D’un point de vue charitable, s’ajouter au film en tant que voix de son jugement final est une déclaration audacieuse de responsabilité. Sous un jour peu charitable, il joue de manière performative, comme un parent plus âgé s'énervant à cause d'une publication Facebook sur la brutalité policière. Il est trop tôt pour décider comment ce film s'inscrit dans notre moment historique présent, ou comment il restera dans les mémoires. Nous avons tous de nombreuses visions et conversations à propos de Les tueurs de la lune de fleurs devant nous.

Un vrai maître

Martin Scorsese, en costume noir, sourit devant une pancarte murale avec le titre de Killers of the Flower Moon sur le tapis rouge lors de la première du film à Los Angeles Photo : Michael Buckner/Variété via Getty Images

Ce siècle a vu Scorsese zigzaguer comme toujours, mais parce qu'il suit ses propres intérêts variés, non pas parce qu'il passer de compromis en compromis, comme il le devait autrefois pour continuer à travailler.

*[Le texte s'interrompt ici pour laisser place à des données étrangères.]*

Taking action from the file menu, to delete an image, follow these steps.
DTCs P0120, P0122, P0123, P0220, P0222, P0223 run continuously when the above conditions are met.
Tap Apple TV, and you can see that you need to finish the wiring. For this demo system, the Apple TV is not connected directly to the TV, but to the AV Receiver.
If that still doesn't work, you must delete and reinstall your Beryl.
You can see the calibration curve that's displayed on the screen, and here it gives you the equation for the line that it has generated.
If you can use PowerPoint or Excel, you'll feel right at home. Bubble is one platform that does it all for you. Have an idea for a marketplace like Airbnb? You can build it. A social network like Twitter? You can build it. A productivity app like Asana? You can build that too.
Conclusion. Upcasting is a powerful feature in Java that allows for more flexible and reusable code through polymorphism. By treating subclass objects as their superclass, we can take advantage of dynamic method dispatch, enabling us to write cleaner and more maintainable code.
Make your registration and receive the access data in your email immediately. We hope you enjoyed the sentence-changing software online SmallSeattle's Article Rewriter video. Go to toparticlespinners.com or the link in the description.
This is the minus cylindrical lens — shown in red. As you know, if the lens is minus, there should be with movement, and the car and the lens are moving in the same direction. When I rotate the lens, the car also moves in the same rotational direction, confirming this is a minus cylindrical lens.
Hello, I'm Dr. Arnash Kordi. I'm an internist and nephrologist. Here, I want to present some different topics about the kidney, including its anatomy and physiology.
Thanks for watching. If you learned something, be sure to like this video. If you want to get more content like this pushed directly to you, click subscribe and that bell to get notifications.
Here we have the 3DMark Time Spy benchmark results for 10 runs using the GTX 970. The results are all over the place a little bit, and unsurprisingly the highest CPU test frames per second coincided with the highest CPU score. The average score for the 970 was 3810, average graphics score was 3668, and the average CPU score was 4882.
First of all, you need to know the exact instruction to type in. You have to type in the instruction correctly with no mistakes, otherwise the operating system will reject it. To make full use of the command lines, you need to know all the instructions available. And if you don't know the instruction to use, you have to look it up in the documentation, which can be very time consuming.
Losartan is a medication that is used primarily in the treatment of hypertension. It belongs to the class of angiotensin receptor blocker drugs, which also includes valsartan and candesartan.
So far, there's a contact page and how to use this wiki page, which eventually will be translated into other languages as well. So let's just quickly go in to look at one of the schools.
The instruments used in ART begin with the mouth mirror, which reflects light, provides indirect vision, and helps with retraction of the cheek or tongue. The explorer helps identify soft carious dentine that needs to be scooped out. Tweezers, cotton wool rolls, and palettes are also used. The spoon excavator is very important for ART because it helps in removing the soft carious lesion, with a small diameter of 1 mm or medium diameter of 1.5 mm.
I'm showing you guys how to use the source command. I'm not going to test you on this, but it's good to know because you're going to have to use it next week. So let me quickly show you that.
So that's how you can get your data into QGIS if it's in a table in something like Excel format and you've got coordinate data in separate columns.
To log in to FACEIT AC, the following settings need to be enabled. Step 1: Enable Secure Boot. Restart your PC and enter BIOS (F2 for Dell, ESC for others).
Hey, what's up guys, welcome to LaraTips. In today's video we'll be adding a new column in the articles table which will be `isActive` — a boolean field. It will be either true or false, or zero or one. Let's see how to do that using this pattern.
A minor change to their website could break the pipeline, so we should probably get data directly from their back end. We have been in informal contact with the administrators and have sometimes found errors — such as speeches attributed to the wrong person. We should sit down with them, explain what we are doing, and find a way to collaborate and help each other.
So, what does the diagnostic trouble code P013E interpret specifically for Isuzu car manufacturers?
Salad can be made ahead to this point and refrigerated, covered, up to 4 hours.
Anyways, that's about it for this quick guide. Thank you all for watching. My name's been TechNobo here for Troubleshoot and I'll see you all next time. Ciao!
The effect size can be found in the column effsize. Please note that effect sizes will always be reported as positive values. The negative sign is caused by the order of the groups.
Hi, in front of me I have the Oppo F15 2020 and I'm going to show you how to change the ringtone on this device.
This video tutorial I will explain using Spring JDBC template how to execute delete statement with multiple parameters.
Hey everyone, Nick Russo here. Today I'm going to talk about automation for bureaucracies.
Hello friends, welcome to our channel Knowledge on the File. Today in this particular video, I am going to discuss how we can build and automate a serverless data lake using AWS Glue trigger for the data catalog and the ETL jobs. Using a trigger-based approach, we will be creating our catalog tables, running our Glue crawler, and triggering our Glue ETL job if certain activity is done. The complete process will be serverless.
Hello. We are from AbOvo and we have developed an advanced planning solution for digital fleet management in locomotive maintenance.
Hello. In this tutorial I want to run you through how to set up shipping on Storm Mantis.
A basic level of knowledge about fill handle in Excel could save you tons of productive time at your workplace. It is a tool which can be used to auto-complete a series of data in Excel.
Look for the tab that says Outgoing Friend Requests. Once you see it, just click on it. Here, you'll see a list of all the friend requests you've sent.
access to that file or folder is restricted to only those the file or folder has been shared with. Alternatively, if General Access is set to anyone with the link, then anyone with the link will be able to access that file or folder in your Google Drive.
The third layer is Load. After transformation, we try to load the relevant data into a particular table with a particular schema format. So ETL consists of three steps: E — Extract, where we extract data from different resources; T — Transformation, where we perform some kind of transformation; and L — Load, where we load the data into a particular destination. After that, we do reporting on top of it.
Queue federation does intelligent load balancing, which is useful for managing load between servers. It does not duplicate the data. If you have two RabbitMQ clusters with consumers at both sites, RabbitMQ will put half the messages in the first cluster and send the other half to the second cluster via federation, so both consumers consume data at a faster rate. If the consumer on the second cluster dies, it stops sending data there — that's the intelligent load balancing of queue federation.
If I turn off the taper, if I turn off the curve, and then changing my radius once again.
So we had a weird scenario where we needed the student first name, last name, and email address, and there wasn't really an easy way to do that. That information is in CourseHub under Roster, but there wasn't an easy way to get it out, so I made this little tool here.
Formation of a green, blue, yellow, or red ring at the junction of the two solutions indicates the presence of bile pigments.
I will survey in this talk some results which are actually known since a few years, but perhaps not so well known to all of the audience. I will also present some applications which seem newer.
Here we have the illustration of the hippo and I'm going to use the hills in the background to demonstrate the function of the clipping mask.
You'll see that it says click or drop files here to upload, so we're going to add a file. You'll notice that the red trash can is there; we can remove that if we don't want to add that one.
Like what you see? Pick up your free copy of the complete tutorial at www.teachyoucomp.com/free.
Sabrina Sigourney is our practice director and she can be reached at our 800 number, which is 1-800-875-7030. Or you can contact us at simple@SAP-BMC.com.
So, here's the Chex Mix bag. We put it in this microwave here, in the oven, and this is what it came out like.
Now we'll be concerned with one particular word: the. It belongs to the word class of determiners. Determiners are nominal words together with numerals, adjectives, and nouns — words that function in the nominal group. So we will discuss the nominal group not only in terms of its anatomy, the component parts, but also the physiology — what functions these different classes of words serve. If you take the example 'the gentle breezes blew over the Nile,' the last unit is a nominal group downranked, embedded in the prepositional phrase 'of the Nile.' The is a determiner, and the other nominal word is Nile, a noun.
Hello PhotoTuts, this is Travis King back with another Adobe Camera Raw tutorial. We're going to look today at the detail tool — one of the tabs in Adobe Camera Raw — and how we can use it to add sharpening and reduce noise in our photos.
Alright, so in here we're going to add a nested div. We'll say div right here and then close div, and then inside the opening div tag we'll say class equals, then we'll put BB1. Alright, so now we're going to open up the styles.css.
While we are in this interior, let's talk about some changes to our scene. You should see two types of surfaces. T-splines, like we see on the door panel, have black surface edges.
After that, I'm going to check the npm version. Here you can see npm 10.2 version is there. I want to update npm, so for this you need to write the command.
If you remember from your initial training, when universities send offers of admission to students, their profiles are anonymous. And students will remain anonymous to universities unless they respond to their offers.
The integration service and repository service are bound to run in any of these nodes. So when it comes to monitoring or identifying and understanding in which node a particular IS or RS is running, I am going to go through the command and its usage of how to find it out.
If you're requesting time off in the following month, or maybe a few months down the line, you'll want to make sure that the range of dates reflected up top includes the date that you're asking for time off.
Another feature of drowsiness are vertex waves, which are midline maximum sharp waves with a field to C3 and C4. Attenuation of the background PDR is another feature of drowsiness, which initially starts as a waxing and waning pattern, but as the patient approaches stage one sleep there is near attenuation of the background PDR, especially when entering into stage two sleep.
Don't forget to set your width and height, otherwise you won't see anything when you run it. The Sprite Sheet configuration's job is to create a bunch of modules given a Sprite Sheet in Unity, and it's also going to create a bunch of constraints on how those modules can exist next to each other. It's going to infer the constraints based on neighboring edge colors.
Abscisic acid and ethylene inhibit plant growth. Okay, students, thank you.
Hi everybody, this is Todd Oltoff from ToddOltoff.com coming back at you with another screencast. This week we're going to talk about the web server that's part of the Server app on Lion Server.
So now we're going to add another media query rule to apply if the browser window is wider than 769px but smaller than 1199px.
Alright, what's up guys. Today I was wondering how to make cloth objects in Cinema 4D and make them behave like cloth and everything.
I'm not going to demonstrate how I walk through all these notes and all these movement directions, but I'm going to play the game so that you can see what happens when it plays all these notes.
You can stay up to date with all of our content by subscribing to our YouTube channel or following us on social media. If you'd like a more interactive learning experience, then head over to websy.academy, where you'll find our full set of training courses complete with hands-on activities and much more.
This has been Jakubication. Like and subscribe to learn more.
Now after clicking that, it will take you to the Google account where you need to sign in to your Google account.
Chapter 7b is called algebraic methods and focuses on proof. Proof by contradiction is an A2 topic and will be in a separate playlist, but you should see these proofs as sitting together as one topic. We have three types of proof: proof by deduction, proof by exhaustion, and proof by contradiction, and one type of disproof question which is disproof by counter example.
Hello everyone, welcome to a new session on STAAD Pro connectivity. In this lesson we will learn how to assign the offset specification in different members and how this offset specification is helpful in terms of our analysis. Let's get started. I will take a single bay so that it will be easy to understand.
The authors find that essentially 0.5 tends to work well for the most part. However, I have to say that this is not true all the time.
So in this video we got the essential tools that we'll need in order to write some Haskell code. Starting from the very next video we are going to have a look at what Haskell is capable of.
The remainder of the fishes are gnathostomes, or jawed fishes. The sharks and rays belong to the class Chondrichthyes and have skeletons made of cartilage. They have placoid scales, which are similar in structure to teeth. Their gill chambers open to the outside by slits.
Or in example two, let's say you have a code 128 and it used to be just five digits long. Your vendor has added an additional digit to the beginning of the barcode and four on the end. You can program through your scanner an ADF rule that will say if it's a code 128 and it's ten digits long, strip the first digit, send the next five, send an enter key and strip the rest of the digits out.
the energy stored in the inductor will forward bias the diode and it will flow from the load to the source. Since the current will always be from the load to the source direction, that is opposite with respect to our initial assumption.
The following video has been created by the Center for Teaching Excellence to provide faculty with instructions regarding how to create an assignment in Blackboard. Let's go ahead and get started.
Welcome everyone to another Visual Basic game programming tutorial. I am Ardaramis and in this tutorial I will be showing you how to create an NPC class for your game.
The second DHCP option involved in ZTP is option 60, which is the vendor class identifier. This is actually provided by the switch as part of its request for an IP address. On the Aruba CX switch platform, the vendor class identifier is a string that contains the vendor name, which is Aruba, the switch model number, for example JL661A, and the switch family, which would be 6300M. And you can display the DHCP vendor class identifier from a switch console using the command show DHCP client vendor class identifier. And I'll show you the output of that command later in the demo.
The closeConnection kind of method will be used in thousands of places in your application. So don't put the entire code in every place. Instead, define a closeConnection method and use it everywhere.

Un artiste qui a passé les 30 premières années de sa carrière désespérément en quête d'autonomie l'a finalement obtenu, et maintenant il en profite pleinement : raconter des histoires difficiles, fixer ses propres méga-budgets et exiger chaque minute de tournage qu'il estime que chaque image exige.

Il a utilisé cette autonomie pour revisiter son travail et réviser le disque, créant de nouveaux films formidables et ajoutant des ajouts cruciaux à des travaux antérieurs. Il ouvre de nouvelles voies et ajoute de nouvelles couches à son style. Remarquablement, obtenir le contrôle qui lui échappait quand il était plus jeune a rendu ses films plus collaboratifs et créatifs, plus fluides et plus vivants qu'il n'était souvent autorisé à l'être avant les années 2000. Il a la confiance méritée d'un artiste qui a passé sa vie dans le cinéma et sait qu'il saura trouver quelque chose de formidable en post-production. Sa fin de vie n'a fait qu'ajouter à sa légende. Cela devrait donner à Tarantino une raison de reconsidérer sa décision – aux côtés de tout artiste ou critique qui pense que l’étincelle créative a une date d’expiration.